_TASK DESCRIPTION_
Return exactly those lines of the material below that fall between the line holding "Top Quality Designer" and the line holding "Adorable Blue Wood", inclusive.

_SOURCE DATA_
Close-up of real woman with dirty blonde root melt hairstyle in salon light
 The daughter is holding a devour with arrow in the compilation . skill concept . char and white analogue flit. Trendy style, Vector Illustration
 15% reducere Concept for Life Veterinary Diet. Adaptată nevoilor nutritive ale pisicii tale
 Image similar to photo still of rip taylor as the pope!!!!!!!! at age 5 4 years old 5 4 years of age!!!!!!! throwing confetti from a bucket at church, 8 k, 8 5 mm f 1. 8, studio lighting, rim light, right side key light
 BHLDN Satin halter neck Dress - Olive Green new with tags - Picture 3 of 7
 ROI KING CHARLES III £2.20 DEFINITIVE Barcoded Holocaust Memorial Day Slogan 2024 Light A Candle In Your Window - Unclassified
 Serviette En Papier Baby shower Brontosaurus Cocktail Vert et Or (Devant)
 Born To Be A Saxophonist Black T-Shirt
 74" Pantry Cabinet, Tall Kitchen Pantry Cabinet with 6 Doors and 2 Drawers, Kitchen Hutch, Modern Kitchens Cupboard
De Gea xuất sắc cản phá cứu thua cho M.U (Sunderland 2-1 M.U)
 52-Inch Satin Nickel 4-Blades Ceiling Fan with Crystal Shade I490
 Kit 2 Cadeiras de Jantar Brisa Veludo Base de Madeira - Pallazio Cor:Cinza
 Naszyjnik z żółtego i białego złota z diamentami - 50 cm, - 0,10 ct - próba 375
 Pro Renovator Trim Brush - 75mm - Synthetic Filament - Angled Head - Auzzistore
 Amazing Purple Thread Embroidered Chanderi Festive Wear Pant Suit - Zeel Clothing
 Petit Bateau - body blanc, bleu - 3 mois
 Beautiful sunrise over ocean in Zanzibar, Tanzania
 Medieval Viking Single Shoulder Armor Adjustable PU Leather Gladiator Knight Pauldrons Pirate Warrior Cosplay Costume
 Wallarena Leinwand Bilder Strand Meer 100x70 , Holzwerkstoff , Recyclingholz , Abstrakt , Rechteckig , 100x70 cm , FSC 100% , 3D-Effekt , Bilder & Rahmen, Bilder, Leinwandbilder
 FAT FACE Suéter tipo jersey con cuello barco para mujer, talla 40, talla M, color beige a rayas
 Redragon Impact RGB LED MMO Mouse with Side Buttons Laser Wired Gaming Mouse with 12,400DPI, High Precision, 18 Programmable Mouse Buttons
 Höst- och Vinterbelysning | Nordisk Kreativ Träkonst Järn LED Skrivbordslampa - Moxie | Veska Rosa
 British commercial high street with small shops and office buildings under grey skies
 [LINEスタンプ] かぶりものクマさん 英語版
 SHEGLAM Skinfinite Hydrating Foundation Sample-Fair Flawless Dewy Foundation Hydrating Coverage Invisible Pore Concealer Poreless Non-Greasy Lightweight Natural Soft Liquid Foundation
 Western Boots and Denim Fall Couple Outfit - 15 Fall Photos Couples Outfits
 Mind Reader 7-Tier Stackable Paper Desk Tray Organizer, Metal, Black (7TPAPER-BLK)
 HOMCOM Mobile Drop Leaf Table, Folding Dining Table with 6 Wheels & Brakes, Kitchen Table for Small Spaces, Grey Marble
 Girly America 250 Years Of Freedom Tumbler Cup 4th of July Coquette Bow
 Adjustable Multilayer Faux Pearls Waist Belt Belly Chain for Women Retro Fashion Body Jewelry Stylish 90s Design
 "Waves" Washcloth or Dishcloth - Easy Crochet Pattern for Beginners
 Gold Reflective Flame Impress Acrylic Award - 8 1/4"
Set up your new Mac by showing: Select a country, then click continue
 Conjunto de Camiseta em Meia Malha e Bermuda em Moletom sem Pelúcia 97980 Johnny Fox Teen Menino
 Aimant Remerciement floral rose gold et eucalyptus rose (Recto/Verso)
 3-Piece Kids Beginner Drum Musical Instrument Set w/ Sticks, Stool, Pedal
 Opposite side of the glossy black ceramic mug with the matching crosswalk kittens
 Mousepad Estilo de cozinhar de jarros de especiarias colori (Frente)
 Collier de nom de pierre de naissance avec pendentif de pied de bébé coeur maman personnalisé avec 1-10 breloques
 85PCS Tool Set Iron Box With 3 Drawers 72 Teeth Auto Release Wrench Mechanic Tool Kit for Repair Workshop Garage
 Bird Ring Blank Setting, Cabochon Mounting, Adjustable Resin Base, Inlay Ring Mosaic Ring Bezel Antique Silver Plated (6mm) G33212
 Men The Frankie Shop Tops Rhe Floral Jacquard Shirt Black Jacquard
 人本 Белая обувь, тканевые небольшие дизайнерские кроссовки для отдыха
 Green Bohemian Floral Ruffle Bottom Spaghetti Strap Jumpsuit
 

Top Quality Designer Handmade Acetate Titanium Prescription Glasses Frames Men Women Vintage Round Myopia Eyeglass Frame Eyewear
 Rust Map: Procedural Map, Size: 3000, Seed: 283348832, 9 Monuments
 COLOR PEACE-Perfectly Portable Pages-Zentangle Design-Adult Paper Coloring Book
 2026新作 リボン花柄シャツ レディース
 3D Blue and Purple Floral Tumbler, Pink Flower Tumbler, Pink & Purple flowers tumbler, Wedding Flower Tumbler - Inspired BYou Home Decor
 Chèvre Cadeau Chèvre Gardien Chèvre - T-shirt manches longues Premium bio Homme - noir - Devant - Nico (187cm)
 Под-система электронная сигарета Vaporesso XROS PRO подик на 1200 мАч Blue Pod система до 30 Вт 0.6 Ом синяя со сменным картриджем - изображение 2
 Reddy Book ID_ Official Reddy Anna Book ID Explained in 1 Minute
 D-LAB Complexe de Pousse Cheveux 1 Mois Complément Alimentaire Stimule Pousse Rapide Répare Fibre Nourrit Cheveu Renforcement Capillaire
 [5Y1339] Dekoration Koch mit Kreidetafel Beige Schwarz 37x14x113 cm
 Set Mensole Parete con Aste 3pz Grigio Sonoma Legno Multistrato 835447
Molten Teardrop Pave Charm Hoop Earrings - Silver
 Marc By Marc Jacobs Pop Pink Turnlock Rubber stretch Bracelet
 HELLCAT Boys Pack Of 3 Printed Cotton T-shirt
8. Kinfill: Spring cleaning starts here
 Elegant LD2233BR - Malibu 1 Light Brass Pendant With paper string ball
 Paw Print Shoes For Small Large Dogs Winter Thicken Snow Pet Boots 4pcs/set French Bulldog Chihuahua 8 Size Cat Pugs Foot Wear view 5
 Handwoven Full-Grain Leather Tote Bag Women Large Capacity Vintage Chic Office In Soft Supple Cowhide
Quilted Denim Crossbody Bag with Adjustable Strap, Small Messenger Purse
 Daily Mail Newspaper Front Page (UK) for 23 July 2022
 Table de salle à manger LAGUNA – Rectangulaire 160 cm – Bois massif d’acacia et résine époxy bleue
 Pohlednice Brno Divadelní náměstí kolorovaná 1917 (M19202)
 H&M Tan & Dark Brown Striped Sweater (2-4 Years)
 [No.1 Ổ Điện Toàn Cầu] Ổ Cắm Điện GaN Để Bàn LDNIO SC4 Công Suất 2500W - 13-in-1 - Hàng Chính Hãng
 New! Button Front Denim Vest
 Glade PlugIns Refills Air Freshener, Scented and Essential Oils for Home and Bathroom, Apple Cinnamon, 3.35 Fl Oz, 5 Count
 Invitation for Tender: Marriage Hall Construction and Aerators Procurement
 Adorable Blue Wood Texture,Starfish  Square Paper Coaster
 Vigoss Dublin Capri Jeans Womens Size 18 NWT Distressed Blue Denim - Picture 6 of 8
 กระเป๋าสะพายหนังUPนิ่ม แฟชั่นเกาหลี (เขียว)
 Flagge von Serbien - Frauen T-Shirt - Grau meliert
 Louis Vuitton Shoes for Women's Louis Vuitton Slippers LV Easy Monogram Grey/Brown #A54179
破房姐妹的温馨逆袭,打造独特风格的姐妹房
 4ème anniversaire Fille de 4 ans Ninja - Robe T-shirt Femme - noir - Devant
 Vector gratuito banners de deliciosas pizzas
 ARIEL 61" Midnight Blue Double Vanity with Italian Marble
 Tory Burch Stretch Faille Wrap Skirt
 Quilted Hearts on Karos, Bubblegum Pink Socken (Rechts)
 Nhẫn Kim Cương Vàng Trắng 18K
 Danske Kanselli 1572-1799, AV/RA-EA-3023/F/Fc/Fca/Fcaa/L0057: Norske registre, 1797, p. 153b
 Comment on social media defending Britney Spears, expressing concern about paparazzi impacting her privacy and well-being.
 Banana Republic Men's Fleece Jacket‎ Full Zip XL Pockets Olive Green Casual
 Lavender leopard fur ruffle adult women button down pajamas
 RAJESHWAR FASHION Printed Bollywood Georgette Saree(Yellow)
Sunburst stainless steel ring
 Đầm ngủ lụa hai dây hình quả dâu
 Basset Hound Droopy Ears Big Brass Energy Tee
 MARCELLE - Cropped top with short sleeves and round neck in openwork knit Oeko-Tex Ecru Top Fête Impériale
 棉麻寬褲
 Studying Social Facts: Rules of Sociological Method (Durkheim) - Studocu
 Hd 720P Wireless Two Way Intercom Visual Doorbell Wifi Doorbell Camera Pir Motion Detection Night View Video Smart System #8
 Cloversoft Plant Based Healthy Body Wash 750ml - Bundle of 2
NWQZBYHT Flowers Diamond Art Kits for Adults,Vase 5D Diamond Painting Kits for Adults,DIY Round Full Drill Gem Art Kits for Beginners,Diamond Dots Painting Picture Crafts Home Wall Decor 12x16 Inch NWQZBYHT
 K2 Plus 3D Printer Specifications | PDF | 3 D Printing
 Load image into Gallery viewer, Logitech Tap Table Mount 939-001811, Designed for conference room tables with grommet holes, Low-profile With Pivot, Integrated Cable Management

_SOLUTION TO THIS TASK_
Top Quality Designer Handmade Acetate Titanium Prescription Glasses Frames Men Women Vintage Round Myopia Eyeglass Frame Eyewear
 Rust Map: Procedural Map, Size: 3000, Seed: 283348832, 9 Monuments
 COLOR PEACE-Perfectly Portable Pages-Zentangle Design-Adult Paper Coloring Book
 2026新作 リボン花柄シャツ レディース
 3D Blue and Purple Floral Tumbler, Pink Flower Tumbler, Pink & Purple flowers tumbler, Wedding Flower Tumbler - Inspired BYou Home Decor
 Chèvre Cadeau Chèvre Gardien Chèvre - T-shirt manches longues Premium bio Homme - noir - Devant - Nico (187cm)
 Под-система электронная сигарета Vaporesso XROS PRO подик на 1200 мАч Blue Pod система до 30 Вт 0.6 Ом синяя со сменным картриджем - изображение 2
 Reddy Book ID_ Official Reddy Anna Book ID Explained in 1 Minute
 D-LAB Complexe de Pousse Cheveux 1 Mois Complément Alimentaire Stimule Pousse Rapide Répare Fibre Nourrit Cheveu Renforcement Capillaire
 [5Y1339] Dekoration Koch mit Kreidetafel Beige Schwarz 37x14x113 cm
 Set Mensole Parete con Aste 3pz Grigio Sonoma Legno Multistrato 835447
Molten Teardrop Pave Charm Hoop Earrings - Silver
 Marc By Marc Jacobs Pop Pink Turnlock Rubber stretch Bracelet
 HELLCAT Boys Pack Of 3 Printed Cotton T-shirt
8. Kinfill: Spring cleaning starts here
 Elegant LD2233BR - Malibu 1 Light Brass Pendant With paper string ball
 Paw Print Shoes For Small Large Dogs Winter Thicken Snow Pet Boots 4pcs/set French Bulldog Chihuahua 8 Size Cat Pugs Foot Wear view 5
 Handwoven Full-Grain Leather Tote Bag Women Large Capacity Vintage Chic Office In Soft Supple Cowhide
Quilted Denim Crossbody Bag with Adjustable Strap, Small Messenger Purse
 Daily Mail Newspaper Front Page (UK) for 23 July 2022
 Table de salle à manger LAGUNA – Rectangulaire 160 cm – Bois massif d’acacia et résine époxy bleue
 Pohlednice Brno Divadelní náměstí kolorovaná 1917 (M19202)
 H&M Tan & Dark Brown Striped Sweater (2-4 Years)
 [No.1 Ổ Điện Toàn Cầu] Ổ Cắm Điện GaN Để Bàn LDNIO SC4 Công Suất 2500W - 13-in-1 - Hàng Chính Hãng
 New! Button Front Denim Vest
 Glade PlugIns Refills Air Freshener, Scented and Essential Oils for Home and Bathroom, Apple Cinnamon, 3.35 Fl Oz, 5 Count
 Invitation for Tender: Marriage Hall Construction and Aerators Procurement
 Adorable Blue Wood Texture,Starfish  Square Paper Coaster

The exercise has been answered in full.